WHAT THE TASK ASKS ::
Copy word for word the lines of the records below, beginning at the one with "Supreme Gradient Stripe Sweater" and finishing at the one with "mapa de Asesoría", ends included, but none of the pictures.

INFORMATION PROVIDED ::
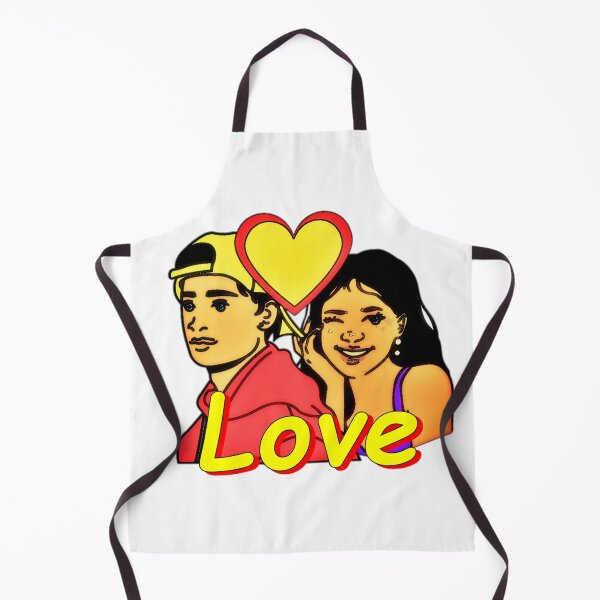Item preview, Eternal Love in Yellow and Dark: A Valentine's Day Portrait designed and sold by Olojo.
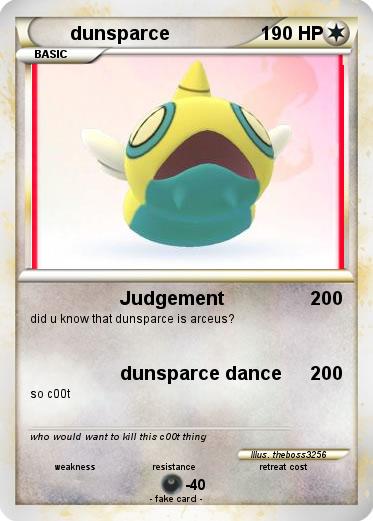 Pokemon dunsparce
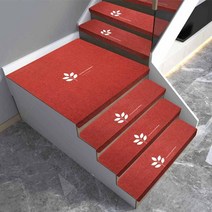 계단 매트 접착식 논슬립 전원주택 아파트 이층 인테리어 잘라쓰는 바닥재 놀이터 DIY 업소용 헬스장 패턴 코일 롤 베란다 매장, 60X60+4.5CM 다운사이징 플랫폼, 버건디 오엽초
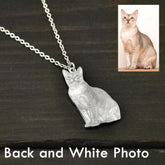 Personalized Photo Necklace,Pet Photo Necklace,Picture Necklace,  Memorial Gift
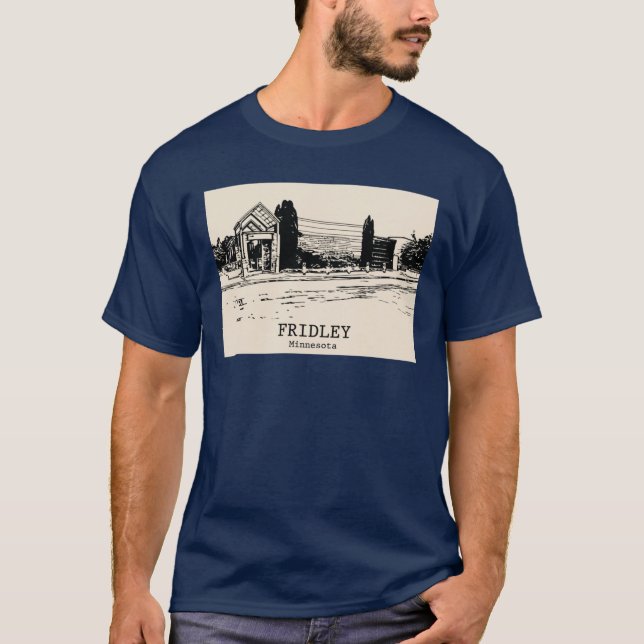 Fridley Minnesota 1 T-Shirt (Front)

--

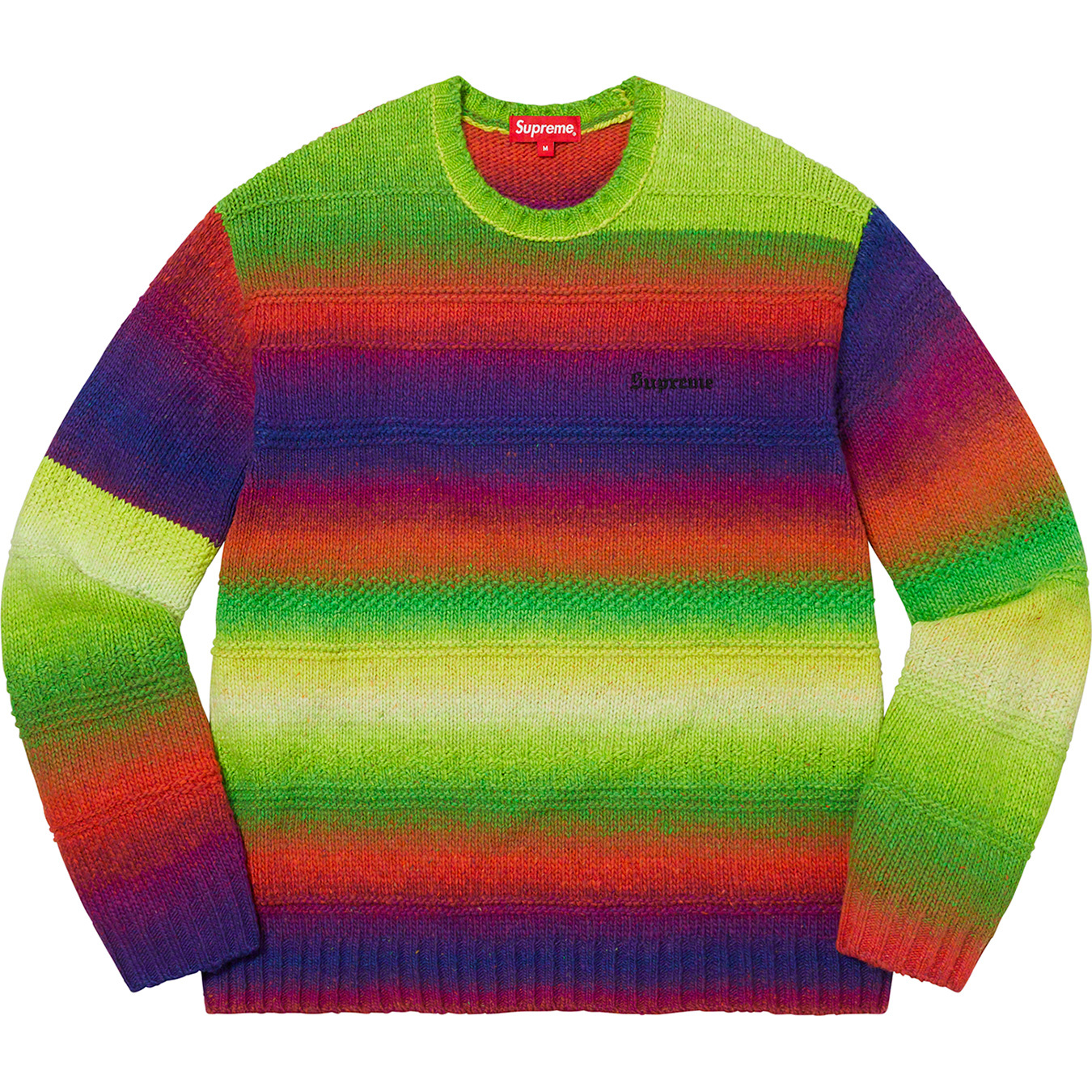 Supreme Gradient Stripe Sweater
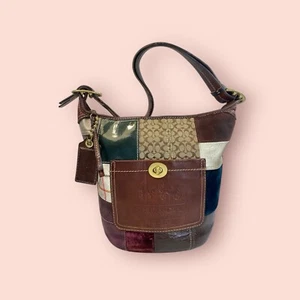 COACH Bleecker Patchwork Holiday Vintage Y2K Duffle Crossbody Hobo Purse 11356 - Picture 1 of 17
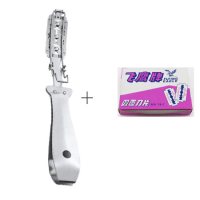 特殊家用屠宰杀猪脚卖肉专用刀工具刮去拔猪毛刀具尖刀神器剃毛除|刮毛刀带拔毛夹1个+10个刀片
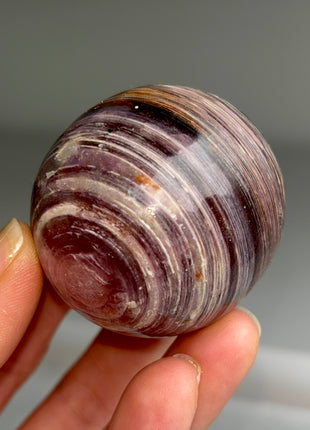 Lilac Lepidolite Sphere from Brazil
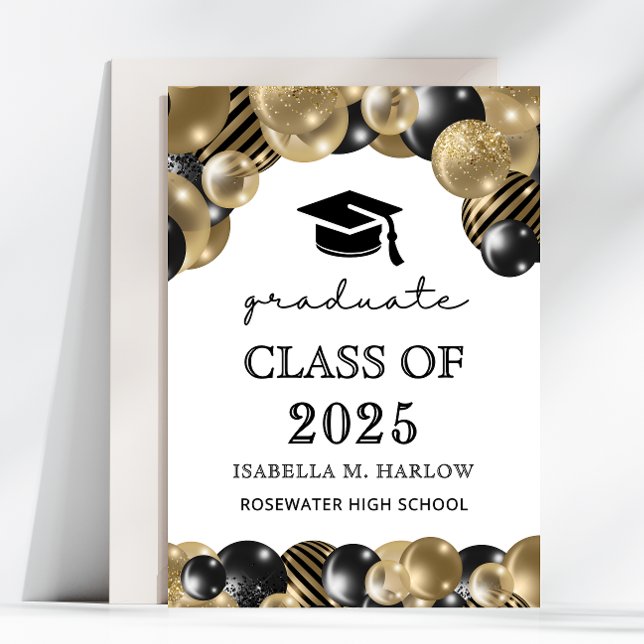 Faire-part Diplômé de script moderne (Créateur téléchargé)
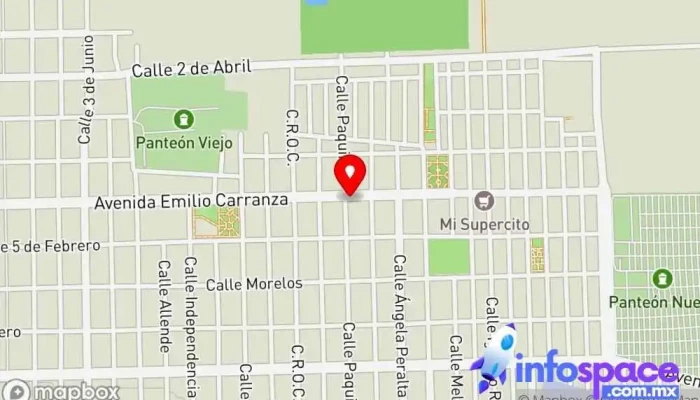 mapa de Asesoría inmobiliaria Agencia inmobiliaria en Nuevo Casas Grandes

* * *

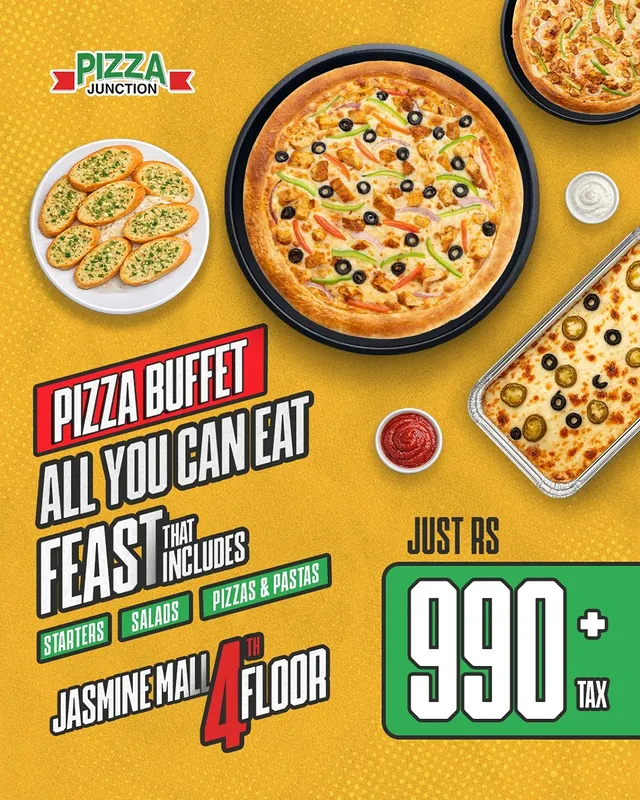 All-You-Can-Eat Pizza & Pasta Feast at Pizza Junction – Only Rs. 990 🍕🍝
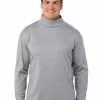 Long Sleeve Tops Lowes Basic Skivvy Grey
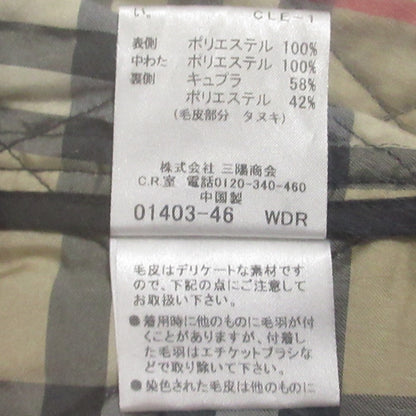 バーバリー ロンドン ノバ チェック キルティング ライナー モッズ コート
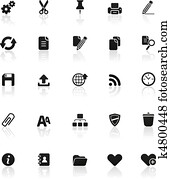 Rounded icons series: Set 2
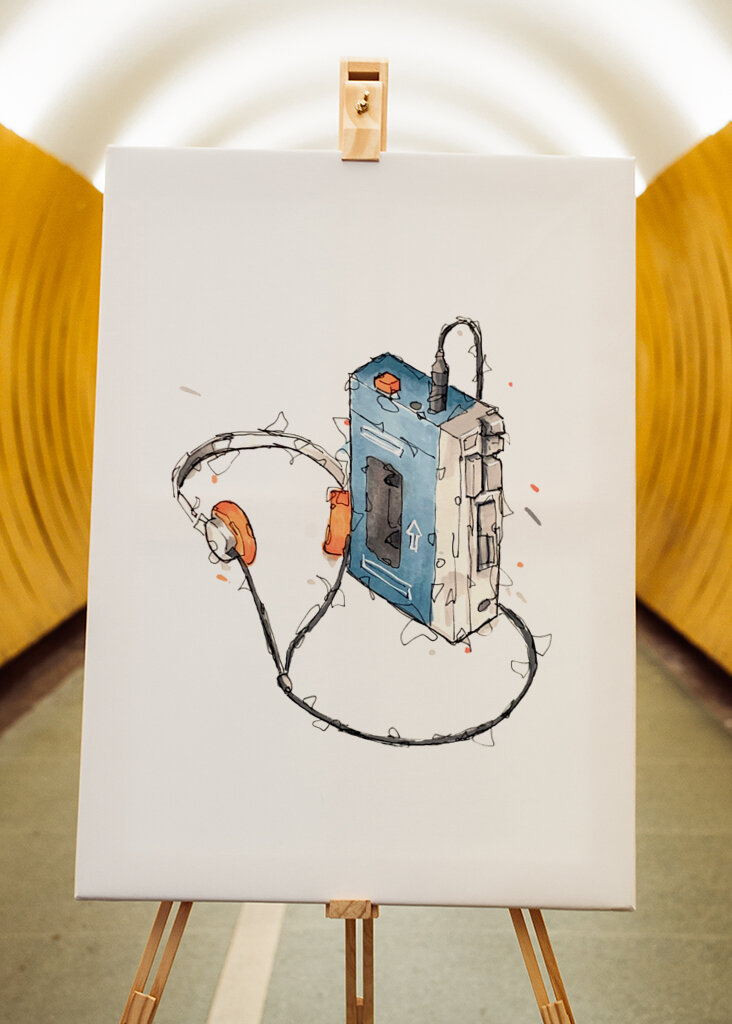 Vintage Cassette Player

RESPONSE BOX ::
 Supreme Gradient Stripe Sweater
 COACH Bleecker Patchwork Holiday Vintage Y2K Duffle Crossbody Hobo Purse 11356 - Picture 1 of 17
 特殊家用屠宰杀猪脚卖肉专用刀工具刮去拔猪毛刀具尖刀神器剃毛除|刮毛刀带拔毛夹1个+10个刀片
 Lilac Lepidolite Sphere from Brazil
 Faire-part Diplômé de script moderne (Créateur téléchargé)
 mapa de Asesoría inmobiliaria Agencia inmobiliaria en Nuevo Casas Grandes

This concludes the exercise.